Short descriptive text snippets
◆ ◆ ◆ ◆

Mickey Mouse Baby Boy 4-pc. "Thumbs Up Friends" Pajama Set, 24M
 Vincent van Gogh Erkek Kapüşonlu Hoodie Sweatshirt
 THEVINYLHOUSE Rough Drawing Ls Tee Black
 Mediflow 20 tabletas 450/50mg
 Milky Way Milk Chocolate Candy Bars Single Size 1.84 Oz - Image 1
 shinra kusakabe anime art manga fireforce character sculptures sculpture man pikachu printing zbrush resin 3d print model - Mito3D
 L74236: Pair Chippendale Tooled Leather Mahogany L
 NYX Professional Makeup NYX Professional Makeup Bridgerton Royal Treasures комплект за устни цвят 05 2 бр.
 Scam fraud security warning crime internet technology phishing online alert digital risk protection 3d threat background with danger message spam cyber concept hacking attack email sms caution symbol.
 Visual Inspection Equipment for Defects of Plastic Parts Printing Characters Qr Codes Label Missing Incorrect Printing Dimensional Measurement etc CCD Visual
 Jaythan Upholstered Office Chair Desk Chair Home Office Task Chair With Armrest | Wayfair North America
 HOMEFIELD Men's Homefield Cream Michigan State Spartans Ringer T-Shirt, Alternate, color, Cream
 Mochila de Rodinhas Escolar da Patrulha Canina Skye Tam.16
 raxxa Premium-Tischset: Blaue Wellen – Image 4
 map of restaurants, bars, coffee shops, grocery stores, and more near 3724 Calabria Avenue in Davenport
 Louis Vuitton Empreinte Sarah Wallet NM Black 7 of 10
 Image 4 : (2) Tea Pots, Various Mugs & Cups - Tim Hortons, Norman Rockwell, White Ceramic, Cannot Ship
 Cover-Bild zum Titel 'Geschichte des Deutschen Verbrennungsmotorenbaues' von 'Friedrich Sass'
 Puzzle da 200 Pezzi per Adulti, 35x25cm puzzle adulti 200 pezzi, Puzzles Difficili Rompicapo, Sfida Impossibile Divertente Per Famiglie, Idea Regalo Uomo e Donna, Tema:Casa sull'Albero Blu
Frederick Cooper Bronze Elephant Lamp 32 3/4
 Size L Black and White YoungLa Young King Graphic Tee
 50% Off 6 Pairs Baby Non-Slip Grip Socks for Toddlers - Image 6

◆ ◆ ◆ ◆

● PROBLEM STATEMENT: Write out, word for word, every line from the one containing "Size L Black" through the last line of the records above.

● RESULT FOR THIS TASK:
 Size L Black and White YoungLa Young King Graphic Tee
 50% Off 6 Pairs Baby Non-Slip Grip Socks for Toddlers - Image 6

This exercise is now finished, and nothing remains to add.